И снова возникает все тот же вопрос, что и в случае Нидермайера: что выпытывали следователи НКВД у арестованных целых пять лет? Есть ли связь между восстаниями в лагерях в 1942―1943 годах и работой бессоновского «Центра»? Кстати, тот факт, что среди офицеров РККА предательство было не исключением, а массовым явлением, заставляет еще раз задуматься о лжи и правде московских процессов…
В середине 20-х годов в исправительно-трудовых учреждениях содержалось менее 100 тысяч заключенных, из них — всего несколько тысяч «политических». На 1 мая 1930 года в лагерях НКВД было уже 171,3 тыс. человек, а в лагерях ОГПУ — около 100 тыс. В 1930 году было организовано Управление лагерями ОГПУ. В 1931 году оно было переименовано в ГУЛАГ.
На 1 января 1934 года в лагерях ГУЛАГа сидело 510,3 тыс. человек (из них 135,2 «политических»). На 1 января 1935 года — 725,5 тыс. (118,3 тыс.); на 1 января 1936 года — 839,4 тыс. (105,4 тыс.) и на 1 января 1937 года — 820,9 тыс. (104,8 тыс.). Изменился и состав политзаключенных. В начале 30-х годов это были в основном, участники «кулацких» восстаний. Затем их сменили оппозиционеры, реальные и вымышленные.
Кроме общепринятых версий о глубинных причинах «большой чистки» (точнее, об отсутствии этих самых глубинных причин, ибо оба объяснения — как то, что все репрессированные были сплошь «врагами народа», повинными в преступлениях против конкретных статей Уголовного кодекса, так и то, что все объясняется чисто сталинской злой волей, чрезвычайно поверхностны), так вот, кроме общепринятых версий в последнее время формируется еще одна. Как убийство Кирова послужило спусковым крючком для репрессий по отношению к людям, ни к какому Николаеву никогда отношения не имевшим, зато имевшим отношение к оппозиции, так и военный заговор, который мог быть вполне реальным, послужил поводом «разобраться» с людьми, которые к тому времени стали серьезной помехой в государственном строительстве. Что же это было за строительство и что это были за люди?
Наиболее полно, как мы считаем, эти идеи, которые буквально носятся в воздухе, сформулировал и изложил русский современный историк Вадим Кожинов в своей книге «Россия. Век XX. 1901―1939». Он считает, что причиной, почему все было именно так, а не иначе послужили в основном два фактора.
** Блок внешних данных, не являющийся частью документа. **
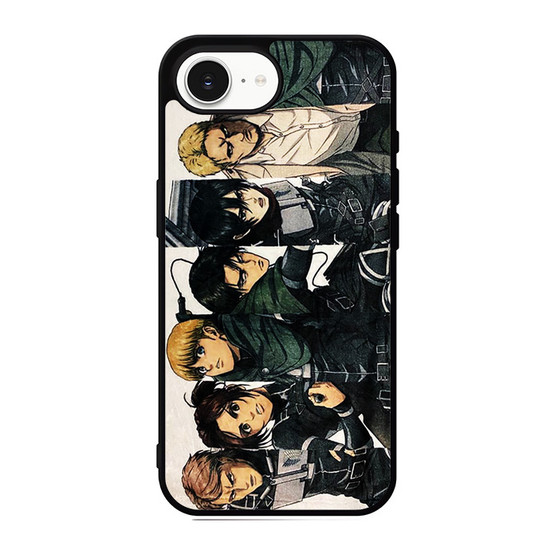 Attack on Titan Marley Arc iPhone 17e Case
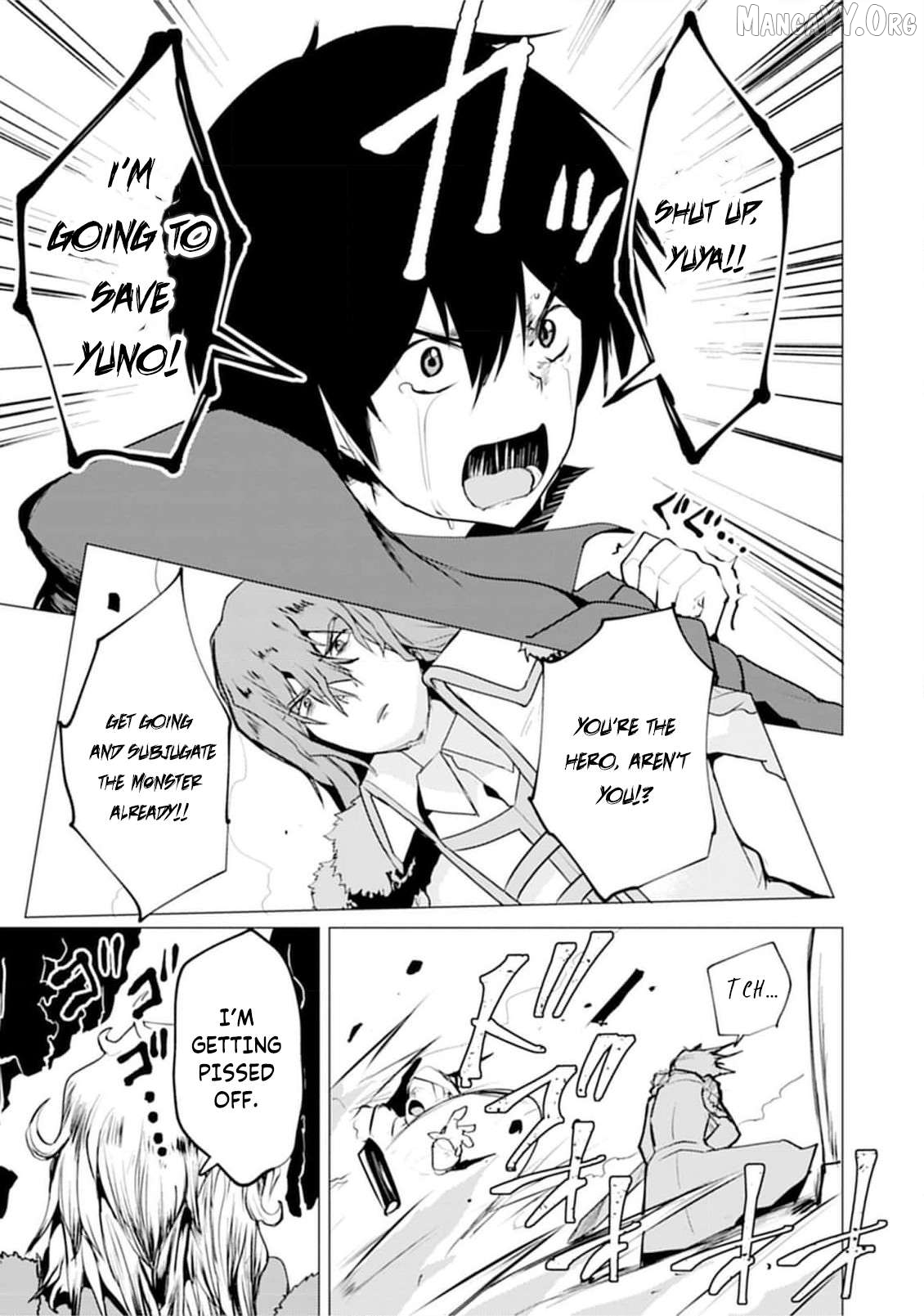 Yuusha ni Minna Netoraretakedo Akiramezu ni Tatakao. Kitto Saigo wa Ore ga Katsu. Chapter 16 - page 10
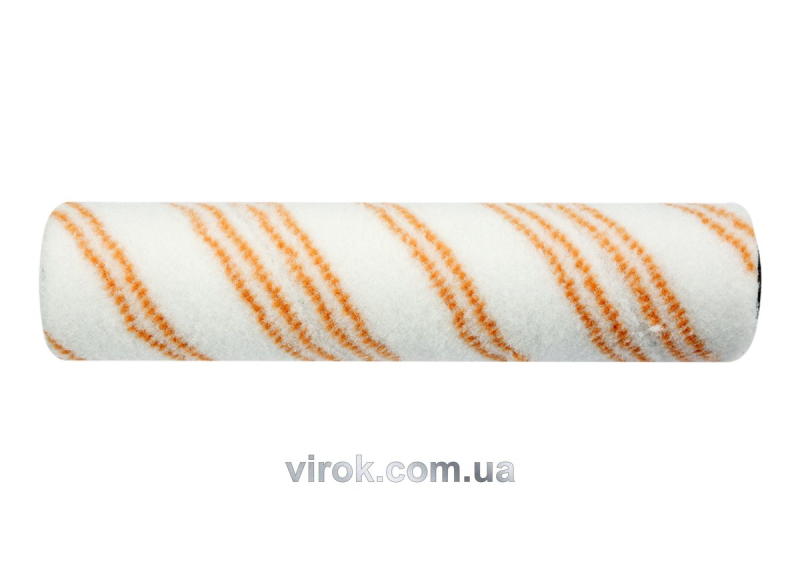 Валик нейлон-поліамід VOREL : L=25 см, тримач Ø=8 мм [10/40]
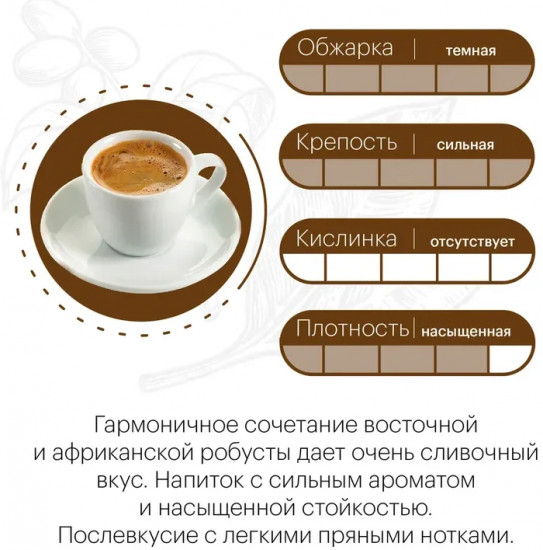 Кофе в зернах «Super Crema»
Первый из них — объективная необходимость изменения внутренней политики.
Близилась война. И чем больше она нависала над порогом, тем очевидней становилось, что большевистская, интернациональная идеология неспособна сплотить людей, что они не пойдут в бой «за власть Советов». Надо было искать другие идеи, другие слова. И Сталин, со свойственным ему умением быстро принимать решения и претворять их в жизнь, нашел эту идеологию, чем до глубины души возмутил старых революционеров и в первую очередь Льва Давыдовича Троцкого. В книге «Преданная революция» последний обличает правительство СССР ни больше ни меньше, чем в предательстве идеалов революции. «Вчерашние классовые враги успешно ассимилируются советским обществом… Правительство приступило к отмене ограничений, связанных с социальным происхождением!.. Торжественная реабилитация семьи, происходящая одновременно — какое провиденциальное совпадение! — с реабилитацией рубля… Трудно измерить глазом размах отступления… Азбука коммунизма объявлена „левацким загибом“… Тупые и черствые предрассудки малокультурного мещанства возрождены под именем новой морали». (Имеется в виду возврат к основным принципам семейной жизни. —
Во множестве примет видит Кожинов эту самую «контрреволюцию сверху». В запрете пьески Демьяна Бедного «Богатыри», где оный поэт задирает ножку на русскую историю. В новых фильмах. В отмене социальных ограничений. В разрешении елок. А причины тому были сугубо прагматические, ибо все революционное, большевистское, интернациональное к тому времени стало мешать государственному строительству. Да, люди приспособились жить с новыми идеями, но кто сказал, что они станут за эти идеи умирать?